É a quarta peça de autoria de Jorge Andrade (1922-1984) montada pela companhia e tem como temas o messianismo, a crença e a fé. O seu ponto de partida é um fato real, ocorrido em abril de 1955: a repressão policial e a morte de fanáticos religiosos da comunidade de Catulé, em Minas Gerais. O episódio é dramatizado pelo autor em estilo épico e de fundo trágico.

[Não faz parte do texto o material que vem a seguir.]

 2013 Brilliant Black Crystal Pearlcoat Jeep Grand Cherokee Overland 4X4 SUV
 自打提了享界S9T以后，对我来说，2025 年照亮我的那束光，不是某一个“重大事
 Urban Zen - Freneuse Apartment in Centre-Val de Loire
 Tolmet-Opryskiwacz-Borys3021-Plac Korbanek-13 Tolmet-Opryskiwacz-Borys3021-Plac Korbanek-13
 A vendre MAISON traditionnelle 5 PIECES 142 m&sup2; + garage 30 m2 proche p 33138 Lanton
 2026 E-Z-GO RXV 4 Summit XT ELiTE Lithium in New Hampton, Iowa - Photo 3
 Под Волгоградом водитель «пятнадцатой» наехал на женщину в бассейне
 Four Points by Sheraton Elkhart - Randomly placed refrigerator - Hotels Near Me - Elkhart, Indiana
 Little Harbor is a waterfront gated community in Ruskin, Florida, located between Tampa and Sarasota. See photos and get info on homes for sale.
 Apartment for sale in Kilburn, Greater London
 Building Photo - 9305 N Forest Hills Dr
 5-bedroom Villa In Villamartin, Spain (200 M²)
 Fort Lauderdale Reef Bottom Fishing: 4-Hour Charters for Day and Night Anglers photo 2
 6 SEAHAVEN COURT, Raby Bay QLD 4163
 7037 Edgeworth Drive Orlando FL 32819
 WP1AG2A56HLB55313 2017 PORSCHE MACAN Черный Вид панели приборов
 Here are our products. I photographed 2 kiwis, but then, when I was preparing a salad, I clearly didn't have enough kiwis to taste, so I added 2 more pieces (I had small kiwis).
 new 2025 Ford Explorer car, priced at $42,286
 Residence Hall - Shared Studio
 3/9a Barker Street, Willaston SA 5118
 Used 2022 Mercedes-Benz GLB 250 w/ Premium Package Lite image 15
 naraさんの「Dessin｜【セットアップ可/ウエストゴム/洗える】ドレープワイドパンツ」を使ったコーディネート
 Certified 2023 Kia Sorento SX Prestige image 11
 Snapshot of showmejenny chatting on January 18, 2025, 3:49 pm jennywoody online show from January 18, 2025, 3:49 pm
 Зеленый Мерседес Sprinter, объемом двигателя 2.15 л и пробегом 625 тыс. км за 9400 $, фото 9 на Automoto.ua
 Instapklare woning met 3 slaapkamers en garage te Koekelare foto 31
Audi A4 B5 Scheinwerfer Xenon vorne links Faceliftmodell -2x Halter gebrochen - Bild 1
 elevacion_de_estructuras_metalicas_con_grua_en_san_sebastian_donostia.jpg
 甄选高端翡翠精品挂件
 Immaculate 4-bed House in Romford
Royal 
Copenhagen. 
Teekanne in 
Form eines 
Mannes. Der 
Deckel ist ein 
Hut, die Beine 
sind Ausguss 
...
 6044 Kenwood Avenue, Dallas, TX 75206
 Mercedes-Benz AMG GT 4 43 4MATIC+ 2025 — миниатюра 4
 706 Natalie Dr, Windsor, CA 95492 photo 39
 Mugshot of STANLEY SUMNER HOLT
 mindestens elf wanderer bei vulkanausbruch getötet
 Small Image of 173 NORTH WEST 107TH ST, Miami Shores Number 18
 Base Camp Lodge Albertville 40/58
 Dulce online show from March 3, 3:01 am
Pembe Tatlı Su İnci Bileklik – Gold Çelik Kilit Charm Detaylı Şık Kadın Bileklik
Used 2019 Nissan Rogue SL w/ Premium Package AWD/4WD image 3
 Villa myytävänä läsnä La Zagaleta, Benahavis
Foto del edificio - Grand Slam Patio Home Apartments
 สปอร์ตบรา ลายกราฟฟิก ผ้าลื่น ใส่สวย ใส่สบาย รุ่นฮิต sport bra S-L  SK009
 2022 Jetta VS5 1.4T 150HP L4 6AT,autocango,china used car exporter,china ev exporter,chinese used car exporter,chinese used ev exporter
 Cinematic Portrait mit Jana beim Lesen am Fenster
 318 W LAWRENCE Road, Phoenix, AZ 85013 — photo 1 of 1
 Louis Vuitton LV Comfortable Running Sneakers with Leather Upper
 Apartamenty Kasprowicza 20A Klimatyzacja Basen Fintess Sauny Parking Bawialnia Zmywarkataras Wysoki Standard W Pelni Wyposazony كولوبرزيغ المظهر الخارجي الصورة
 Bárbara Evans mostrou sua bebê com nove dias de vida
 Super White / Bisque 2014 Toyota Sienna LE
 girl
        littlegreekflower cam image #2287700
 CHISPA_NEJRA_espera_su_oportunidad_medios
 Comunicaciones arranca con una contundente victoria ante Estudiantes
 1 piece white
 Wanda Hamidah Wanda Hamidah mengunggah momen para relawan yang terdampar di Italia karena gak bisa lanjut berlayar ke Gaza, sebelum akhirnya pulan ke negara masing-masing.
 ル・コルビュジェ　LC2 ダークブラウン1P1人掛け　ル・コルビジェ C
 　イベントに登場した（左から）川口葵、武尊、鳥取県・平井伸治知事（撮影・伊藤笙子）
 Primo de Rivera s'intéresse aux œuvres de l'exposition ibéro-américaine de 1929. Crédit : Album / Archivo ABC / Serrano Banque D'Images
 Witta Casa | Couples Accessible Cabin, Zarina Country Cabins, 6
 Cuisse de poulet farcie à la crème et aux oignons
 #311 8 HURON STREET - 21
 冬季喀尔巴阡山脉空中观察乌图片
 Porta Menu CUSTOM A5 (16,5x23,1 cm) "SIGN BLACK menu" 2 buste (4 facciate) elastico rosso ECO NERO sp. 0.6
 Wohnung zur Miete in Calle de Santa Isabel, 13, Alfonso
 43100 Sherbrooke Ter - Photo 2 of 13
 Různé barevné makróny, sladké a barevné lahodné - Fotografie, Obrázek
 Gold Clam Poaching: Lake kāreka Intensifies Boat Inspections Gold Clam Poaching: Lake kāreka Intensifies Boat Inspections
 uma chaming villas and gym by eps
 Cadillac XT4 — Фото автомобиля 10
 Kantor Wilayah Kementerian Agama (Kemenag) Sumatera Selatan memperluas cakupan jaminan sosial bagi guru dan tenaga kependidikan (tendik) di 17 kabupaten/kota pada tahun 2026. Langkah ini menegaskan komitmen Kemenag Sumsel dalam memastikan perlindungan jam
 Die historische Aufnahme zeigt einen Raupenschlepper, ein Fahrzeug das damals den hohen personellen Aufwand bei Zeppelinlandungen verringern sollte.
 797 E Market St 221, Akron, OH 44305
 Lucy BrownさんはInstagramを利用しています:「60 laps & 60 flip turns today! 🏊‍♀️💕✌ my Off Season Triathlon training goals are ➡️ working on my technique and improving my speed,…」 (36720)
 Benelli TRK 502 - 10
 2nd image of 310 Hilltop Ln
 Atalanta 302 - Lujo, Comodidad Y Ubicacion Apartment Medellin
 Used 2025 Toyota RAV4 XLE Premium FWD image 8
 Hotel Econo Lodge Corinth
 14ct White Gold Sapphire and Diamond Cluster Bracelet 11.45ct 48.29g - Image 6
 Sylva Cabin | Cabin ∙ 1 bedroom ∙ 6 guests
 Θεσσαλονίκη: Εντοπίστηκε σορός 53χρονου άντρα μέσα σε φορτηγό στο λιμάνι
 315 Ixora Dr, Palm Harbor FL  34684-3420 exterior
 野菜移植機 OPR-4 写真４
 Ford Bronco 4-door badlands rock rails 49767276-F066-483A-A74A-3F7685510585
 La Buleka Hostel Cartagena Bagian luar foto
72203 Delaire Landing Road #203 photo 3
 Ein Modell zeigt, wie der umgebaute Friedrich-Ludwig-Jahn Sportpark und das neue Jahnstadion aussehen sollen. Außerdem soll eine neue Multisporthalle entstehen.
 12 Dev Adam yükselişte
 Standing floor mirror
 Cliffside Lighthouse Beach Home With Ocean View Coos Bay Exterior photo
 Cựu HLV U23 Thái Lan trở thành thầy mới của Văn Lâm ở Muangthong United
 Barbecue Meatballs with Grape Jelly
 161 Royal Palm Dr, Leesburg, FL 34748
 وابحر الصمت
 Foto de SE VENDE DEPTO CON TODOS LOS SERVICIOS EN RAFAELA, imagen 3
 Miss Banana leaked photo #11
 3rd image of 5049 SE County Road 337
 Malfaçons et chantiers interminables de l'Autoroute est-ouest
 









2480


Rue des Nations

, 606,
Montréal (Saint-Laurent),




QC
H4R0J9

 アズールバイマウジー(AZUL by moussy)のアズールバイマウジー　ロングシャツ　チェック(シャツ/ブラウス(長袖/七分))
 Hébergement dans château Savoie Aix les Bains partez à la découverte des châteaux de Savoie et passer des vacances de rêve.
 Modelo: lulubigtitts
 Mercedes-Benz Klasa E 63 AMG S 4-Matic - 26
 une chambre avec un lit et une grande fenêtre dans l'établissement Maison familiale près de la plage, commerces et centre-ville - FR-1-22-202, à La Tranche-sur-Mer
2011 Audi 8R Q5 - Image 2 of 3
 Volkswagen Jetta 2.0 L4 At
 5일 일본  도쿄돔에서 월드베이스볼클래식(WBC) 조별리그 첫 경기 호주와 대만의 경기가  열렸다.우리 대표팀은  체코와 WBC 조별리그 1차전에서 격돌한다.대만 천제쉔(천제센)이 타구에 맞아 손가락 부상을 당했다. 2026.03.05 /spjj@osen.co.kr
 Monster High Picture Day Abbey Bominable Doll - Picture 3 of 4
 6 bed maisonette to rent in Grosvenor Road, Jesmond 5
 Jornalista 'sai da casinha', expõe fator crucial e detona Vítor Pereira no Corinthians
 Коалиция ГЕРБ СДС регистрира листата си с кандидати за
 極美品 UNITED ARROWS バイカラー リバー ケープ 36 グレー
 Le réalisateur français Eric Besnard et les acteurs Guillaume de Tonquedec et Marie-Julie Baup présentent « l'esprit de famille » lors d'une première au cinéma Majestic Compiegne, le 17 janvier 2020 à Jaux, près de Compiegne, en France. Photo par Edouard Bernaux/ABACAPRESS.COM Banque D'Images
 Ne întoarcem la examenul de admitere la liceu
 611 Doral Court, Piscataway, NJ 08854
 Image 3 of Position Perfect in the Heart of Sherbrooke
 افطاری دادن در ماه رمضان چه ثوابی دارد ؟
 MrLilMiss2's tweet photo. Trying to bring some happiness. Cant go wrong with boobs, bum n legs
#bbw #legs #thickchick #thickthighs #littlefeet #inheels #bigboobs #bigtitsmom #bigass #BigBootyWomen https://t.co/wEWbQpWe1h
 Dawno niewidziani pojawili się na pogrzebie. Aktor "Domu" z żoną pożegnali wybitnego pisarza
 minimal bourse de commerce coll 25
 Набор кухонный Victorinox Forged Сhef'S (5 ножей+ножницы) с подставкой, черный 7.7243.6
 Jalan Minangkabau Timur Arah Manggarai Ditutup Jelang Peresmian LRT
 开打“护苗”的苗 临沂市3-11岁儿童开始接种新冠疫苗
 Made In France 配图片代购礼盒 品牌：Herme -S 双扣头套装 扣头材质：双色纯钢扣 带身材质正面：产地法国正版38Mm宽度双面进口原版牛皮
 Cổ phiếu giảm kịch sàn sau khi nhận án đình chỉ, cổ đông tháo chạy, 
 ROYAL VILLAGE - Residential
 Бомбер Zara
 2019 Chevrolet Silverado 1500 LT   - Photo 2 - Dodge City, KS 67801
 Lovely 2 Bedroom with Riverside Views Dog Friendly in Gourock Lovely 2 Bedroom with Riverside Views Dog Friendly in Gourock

Os ensaios consomem árduos meses de trabalho de Antunes Filho junto ao elenco. Interessado num novo realismo, num estilo brasileiro de interpretação, o encenador elabora uma série de exercícios calcados sobre Stanislavski, enfatizando as contradições íntimas e as vivências pessoais dos intérpretes. Como ele mesmo explica "pela primeira vez no teatro brasileiro os atores se arrastam no chão. Foi um escândalo isso. Os atores cuspiam, se arrastavam [...]. Eu parti da seguinte proposta: tudo o que é romântico não interessa; vamos fazer a realidade, como se nós estivéssemos vendo alguém trabalhando, fazendo alguma coisa [...]".1
Esse método integra-se à grande pesquisa que o diretor vem empreendendo com os atores (que, nos anos 1990, culminará num sistema inteiramente completo), mas as inovações muitas vezes parecem demasiadas. Diversas reportagens da época falam em "perda da auto-estima" e "condição animal" para descreverem esse processo, que almeja um supernaturalismo, desarmando os intérpretes de qualquer estereótipo expressivo.
Figuram no elenco grandes intérpretes tais como Raul Cortez (1931-2006), Cleyde Yáconis (1923-2013), Aracy Balabanian (1942), Stênio Garcia (1932); Lélia Abramo (1911-2004) e Ruth de Souza (1930).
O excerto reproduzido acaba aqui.